あれから8か月後、マイナーチェンジを経てヘッドランプが上下2段、いわゆる「ダブルフェイス」となったBMWアルピナXB7に軽井沢で試乗する機会に恵まれた。軽井沢なら満足のいく試乗ができそうだ。
今回の試乗が楽しみな理由はもう1つある。ベースモデルとなったBMW X7のマイチェン前と後の違いが目覚ましいものだったからである。
後期型の識別ポイントは「顔」だが、最も重要な変更点はパワートレインだ。なんとV8エンジンがN63からS68に変更されている! という事実をもっとわかりやすく表現するならば「エンジンが標準的なBMW用からM謹製に変わっている」ということ。
もちろんXB7でもこれは同じだ。アルピナは現行のB3で史上初めてBMW M用エンジンを搭載し躍動感がプラスされている。後期型XB7にも同じ効果が表れているだろうか?
直線でも山道でも ペースを選ばず輝く個性
新型XB7に乗り込んですぐに「前と違う!」と感じたのは加速だった。スロットルの動きに寸分も遅れることなく、ドンッと加速する。S68ユニットの最高出力は621psなので前期型が搭載していたN63と同一。
だが48Vのマイルドハイブリッドが追加されており、加速しはじめのターボラグの段差をモーターの12psがうまく埋めているに違いない。もう1つ、8速ATのダイレクト感も増しており、加速をより鋭くキレのいいものにしている。
中軽井沢から鬼押し出しへと続く峠道では、瞬発力のあるパワートレインに対するシャシーも優れていることがわかった。おそらくエアサス自体は前期型と同じものだが、以前よりもロールやピッチングがはっきりと抑え込まれている。抑え込むと乗員の頭部に掛かるGが強くなり我慢を強いられたりするものだが、それがないことも素晴らしい。
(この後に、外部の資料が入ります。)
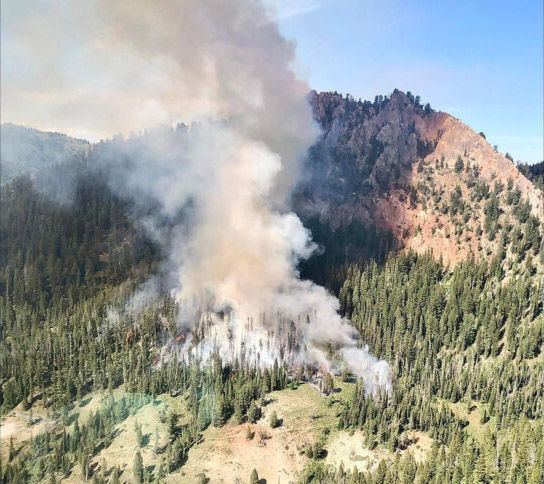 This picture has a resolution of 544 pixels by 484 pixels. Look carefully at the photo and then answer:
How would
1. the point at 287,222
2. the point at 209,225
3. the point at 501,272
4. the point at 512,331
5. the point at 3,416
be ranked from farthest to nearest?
the point at 209,225
the point at 287,222
the point at 501,272
the point at 512,331
the point at 3,416

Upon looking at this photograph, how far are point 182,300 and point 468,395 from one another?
91554 mm

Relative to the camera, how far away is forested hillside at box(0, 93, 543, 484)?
89.7 m

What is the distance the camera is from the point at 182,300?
155 m

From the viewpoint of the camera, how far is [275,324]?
140125mm

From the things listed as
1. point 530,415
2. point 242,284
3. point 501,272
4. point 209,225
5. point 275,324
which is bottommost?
point 530,415

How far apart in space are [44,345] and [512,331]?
131562 mm

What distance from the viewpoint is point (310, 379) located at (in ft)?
395

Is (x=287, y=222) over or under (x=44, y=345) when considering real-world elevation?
over

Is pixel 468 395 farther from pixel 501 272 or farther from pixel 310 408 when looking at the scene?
pixel 501 272

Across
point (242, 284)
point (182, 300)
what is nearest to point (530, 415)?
point (242, 284)

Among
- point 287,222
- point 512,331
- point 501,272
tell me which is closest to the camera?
point 512,331

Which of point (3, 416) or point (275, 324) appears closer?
point (3, 416)

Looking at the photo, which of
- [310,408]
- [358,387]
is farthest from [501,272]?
[310,408]

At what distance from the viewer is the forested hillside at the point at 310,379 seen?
3531 inches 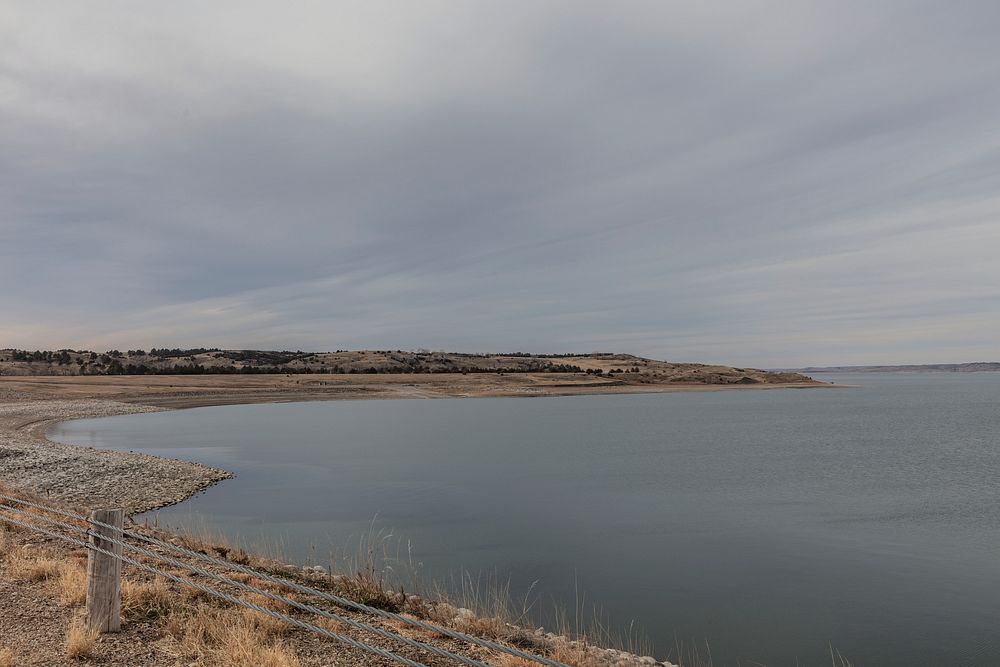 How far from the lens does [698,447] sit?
37.4 meters

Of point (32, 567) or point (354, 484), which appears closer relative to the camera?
point (32, 567)

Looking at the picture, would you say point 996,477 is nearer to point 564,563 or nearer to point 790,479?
point 790,479

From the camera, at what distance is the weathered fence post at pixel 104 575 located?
23.9ft

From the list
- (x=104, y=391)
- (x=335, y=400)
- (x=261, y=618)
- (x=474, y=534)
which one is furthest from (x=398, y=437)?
(x=104, y=391)

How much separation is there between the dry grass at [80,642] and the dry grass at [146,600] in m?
0.80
ロールによる倒れ込みを待たず、クルマが前へ前へと出ていく感じ。XB7の駆動はAWDなのだが、コーナーからの立ち上がりではリア2輪に掛かったパワーが突出して感じられる点も気持ちがいい。リアの電制デフによるベクタリングもXB7をよく曲げてくれる。
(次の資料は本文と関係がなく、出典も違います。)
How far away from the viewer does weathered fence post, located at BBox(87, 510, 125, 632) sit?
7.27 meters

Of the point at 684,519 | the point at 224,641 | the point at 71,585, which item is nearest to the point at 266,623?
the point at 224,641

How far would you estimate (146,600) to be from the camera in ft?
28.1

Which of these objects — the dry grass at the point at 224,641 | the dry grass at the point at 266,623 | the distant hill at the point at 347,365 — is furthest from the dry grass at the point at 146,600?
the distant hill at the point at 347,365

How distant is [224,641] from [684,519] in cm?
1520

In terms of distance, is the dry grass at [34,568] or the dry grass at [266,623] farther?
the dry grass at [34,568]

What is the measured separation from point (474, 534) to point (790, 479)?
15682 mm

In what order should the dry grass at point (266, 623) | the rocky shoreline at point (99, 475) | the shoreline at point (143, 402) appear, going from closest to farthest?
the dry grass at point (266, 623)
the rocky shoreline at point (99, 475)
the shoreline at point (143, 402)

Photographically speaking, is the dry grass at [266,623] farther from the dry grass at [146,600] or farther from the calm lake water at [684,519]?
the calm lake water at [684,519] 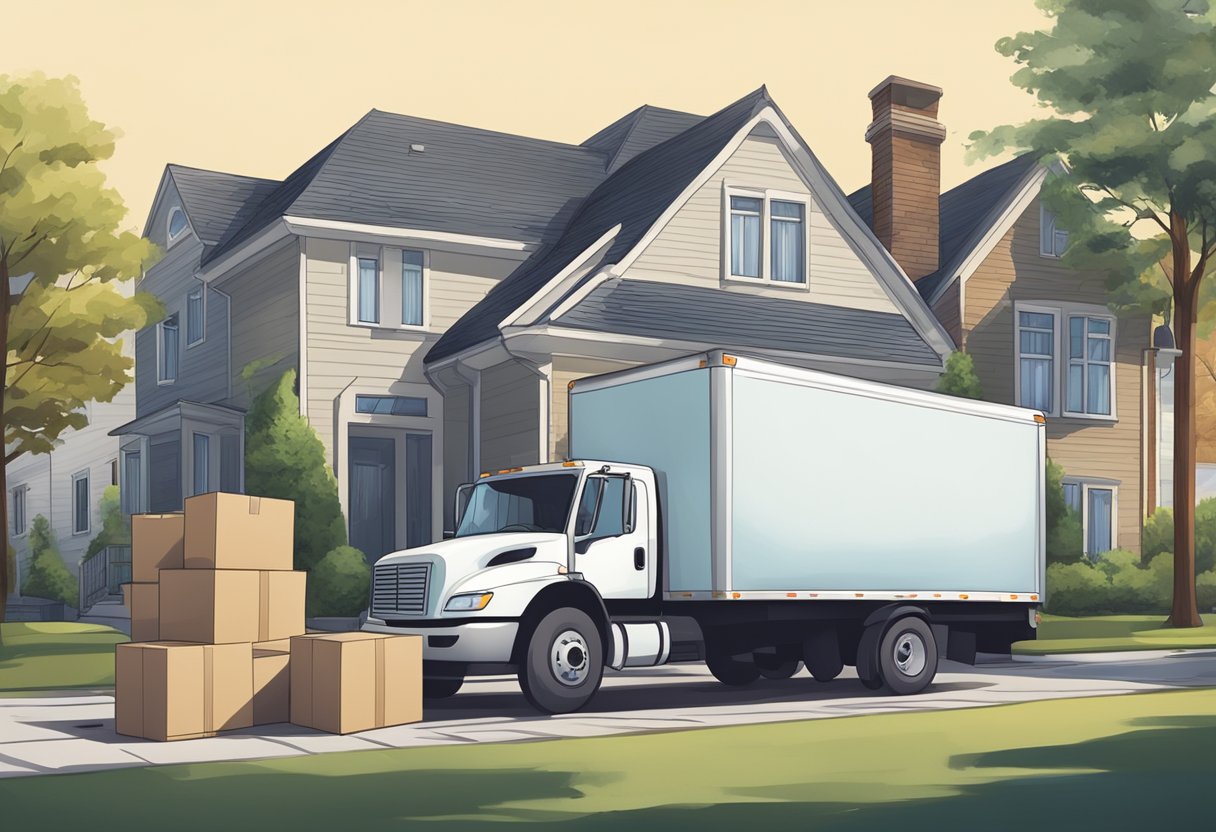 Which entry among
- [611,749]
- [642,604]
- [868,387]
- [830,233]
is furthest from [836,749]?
[830,233]

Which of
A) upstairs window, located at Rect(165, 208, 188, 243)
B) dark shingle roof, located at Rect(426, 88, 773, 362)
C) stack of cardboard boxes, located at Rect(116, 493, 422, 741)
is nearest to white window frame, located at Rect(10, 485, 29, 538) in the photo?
upstairs window, located at Rect(165, 208, 188, 243)

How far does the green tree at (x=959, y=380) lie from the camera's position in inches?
1240

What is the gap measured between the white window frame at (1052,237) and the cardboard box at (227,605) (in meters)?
25.2

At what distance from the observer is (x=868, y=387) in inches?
654

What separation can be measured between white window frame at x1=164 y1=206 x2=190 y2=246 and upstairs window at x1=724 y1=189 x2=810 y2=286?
42.8 feet

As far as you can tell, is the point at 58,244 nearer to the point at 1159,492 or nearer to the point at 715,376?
the point at 715,376

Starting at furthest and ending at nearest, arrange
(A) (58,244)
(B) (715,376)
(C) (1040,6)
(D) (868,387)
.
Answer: (C) (1040,6)
(A) (58,244)
(D) (868,387)
(B) (715,376)

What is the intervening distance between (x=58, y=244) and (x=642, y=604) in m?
17.5

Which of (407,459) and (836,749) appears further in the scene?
(407,459)

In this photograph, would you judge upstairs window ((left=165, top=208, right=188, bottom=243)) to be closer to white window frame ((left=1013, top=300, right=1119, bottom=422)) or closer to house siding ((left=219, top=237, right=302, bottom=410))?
house siding ((left=219, top=237, right=302, bottom=410))

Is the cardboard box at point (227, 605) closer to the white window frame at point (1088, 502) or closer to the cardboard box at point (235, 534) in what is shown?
the cardboard box at point (235, 534)

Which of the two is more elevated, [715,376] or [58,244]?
[58,244]

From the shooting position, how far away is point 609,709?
15.6m

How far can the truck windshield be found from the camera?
1545 cm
スポーティなSUVの多くはスタビリティをAWD任せにすることでドライブフィールを濁らせてしまっているものが多い。だがアルピナは2.7t近い車重と真摯に向き合い、ファインチューンの蓄積により問題を解決している。
「そうそう、アルピナってコレだよね!」。久しぶりにSUVで、山道のドライビングを堪能することができた。